In November 1940, Chapin's unit was activated as Company E, 141st Infantry, 36th Division of the United States Army. In 1942, the unit was sent overseas to North Africa. Chapin declined several promotions in order to stay with Company E as the unit consisted mostly of fellow El Pasoans. Most Company E men were Hispanic and non-English speakers. Chapin thought that, if he took the promotion, Company E would probably be left to a non-Spanish speaking commander who would mistreat the soldiers. For this reason, his men respected him. Chapin was killed leading the men of Company E into the Battle of Rapido River in Italy.

==Chapin pre-engineering magnet program==
Chapin Magnet offers a specific set of classes that specialize in engineering based on the Project Lead the Way curricula. There are five engineering courses offered at Chapin and only those who meet requirements and enroll before high school can attend them. This specialized school allows students from all over El Paso to attend Chapin and take these courses, hence the term "magnet". Students are required to take advanced mathematics and science courses, as well as the five engineering classes. On completion of each course, students may pay a fee to receive credits towards college. At graduation, all engineering students who have passed all five classes receive engineering honors and special cords to wear.

==Academics==
Chapin has consistently met and maintained state and national testing standards and is one of the few high schools to not be in the Priority Schools Division of EPISD. It offers several Advanced Placement (AP) and Dual Credit courses and it is also one of three schools in the EPISD to offer statewide dual credit courses through the Texas Virtual School Network (TxVSN). Beginning with the 2009–2010 school year, Chapin began offering AP art history and music theory through the distance learning classroom to other district high schools.

Chapin offers AP courses in: English language and composition, English literature and composition, world history, US history, US government, macroeconomics, psychology, physics, biology, chemistry, environmental science, computer science, art history, studio art, music theory, statistics and calculus.

Dual credit classes are offered through EPISD's partnership with the El Paso Community College (EPCC) in English IV, geology, chemistry and US history. Students are eligible to participate in the EPCC dual credit program if they meet all EPCC requirements and pass the subject area ACCUPLACER test for the course they wish to take.

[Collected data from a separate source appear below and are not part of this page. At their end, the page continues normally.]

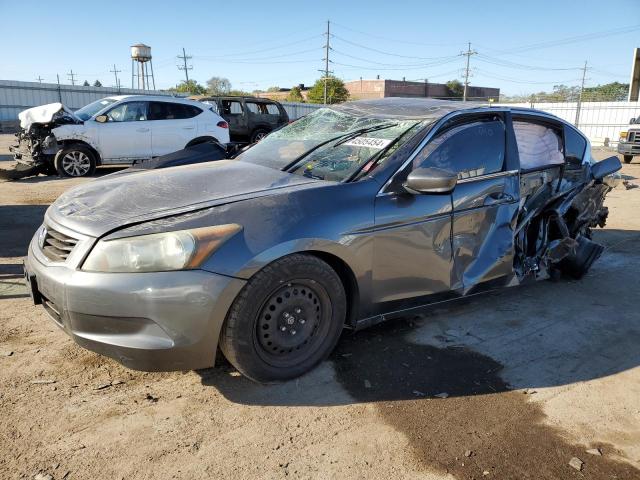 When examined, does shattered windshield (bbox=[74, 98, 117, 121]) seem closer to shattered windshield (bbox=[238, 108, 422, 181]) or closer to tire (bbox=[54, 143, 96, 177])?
tire (bbox=[54, 143, 96, 177])

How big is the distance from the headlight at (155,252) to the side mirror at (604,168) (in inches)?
158

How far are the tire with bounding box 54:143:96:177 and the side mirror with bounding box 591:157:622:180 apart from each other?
9682 mm

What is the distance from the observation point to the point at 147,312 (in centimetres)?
255

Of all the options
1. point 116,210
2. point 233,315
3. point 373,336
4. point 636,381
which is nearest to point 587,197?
point 636,381

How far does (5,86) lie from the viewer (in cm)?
2914

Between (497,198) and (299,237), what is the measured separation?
1769mm

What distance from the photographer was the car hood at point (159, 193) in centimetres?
283

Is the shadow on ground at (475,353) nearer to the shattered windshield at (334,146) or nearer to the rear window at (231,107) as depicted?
the shattered windshield at (334,146)

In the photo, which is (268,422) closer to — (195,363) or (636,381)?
(195,363)

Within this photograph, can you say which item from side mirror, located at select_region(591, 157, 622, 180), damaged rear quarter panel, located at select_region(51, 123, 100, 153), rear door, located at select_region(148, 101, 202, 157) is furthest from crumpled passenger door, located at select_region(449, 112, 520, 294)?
damaged rear quarter panel, located at select_region(51, 123, 100, 153)

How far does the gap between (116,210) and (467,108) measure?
257 cm

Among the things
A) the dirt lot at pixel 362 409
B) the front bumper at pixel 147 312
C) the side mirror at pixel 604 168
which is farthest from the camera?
the side mirror at pixel 604 168

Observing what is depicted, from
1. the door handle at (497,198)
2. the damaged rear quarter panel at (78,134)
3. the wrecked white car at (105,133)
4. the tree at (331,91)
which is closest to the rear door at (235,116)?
the wrecked white car at (105,133)

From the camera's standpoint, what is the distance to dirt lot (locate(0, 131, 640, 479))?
240 cm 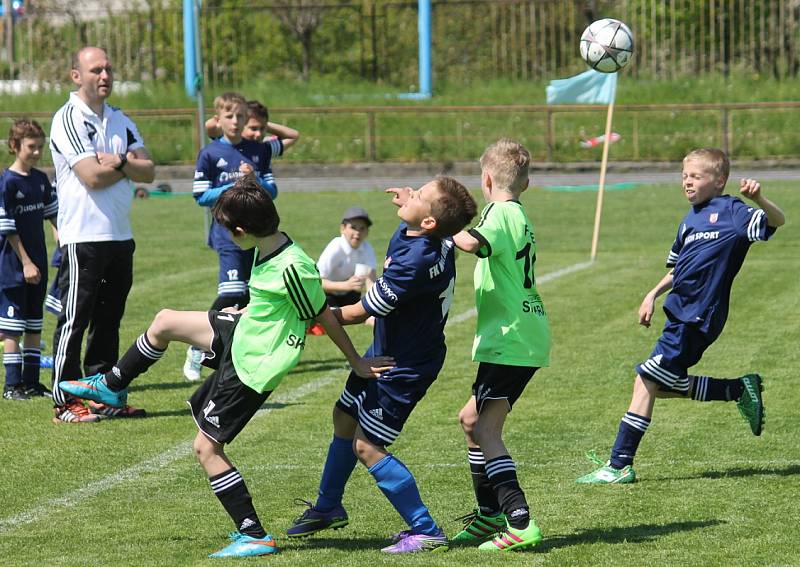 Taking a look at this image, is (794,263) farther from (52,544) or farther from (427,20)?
(427,20)

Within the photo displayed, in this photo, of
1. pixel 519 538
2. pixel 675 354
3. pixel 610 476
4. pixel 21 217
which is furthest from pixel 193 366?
pixel 519 538

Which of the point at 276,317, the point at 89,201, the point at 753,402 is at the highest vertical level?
the point at 89,201

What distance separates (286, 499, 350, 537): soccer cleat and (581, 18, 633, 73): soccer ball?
10253mm

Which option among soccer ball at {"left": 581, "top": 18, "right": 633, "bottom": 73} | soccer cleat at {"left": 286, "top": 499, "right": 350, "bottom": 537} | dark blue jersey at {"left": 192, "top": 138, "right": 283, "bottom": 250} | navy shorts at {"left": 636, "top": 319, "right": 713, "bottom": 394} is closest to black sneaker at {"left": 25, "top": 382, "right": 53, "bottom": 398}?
dark blue jersey at {"left": 192, "top": 138, "right": 283, "bottom": 250}

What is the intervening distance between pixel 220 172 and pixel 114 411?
2299mm

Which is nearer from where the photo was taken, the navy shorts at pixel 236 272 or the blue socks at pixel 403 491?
the blue socks at pixel 403 491

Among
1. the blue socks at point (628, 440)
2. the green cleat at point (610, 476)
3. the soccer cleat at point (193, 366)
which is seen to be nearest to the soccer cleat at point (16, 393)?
the soccer cleat at point (193, 366)

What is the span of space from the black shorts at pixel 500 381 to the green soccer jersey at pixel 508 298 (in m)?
0.07

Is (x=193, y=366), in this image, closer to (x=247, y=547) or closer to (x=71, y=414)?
(x=71, y=414)

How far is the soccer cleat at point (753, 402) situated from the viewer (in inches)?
294

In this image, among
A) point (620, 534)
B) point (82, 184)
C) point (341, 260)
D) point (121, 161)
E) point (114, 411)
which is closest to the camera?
point (620, 534)

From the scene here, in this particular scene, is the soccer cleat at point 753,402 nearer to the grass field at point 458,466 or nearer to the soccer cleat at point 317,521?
the grass field at point 458,466

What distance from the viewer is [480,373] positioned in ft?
19.7

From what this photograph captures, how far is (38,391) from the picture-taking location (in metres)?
9.77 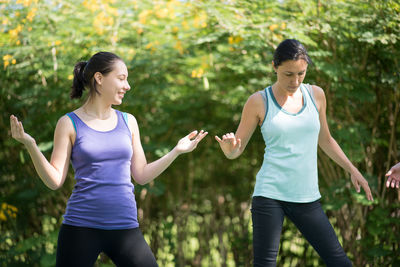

Dual credit US government and psychology are offered through the TxVSN.

==Chapin American football==
The Chapin football team competes in the Texas 1 – 4A District. The first varsity team for the school began in 2002. In that first season, the team finished with 6 wins and 4 losses and missed the playoffs. From its second year up to the present time, the Chapin football program has had an outstanding record gaining a perfect 10-0 in 2003 and again in 2006. The team has not missed the playoffs since that first season. From 2002 through 2008, it had an 81.4% regular season win percentage (57 wins, 13 losses), an 86% District record (43 wins, 7 losses) and a 45.4% playoff record (5 wins, 6 losses). Overall, the Chapin Huskies have a 76.5% winning percentage (62–19) including playoffs. Daren Walker was the head football coach for Chapin for five seasons from 2002 to 2006 and guided the team to a 47–12 record including the playoffs. Walker left after the 2006 season and took over at Franklin High School in El Paso. Rene Hernandez, QB coach under Walker, took over the team in 2007 and in two seasons guided the team to a 15–6 record including playoffs.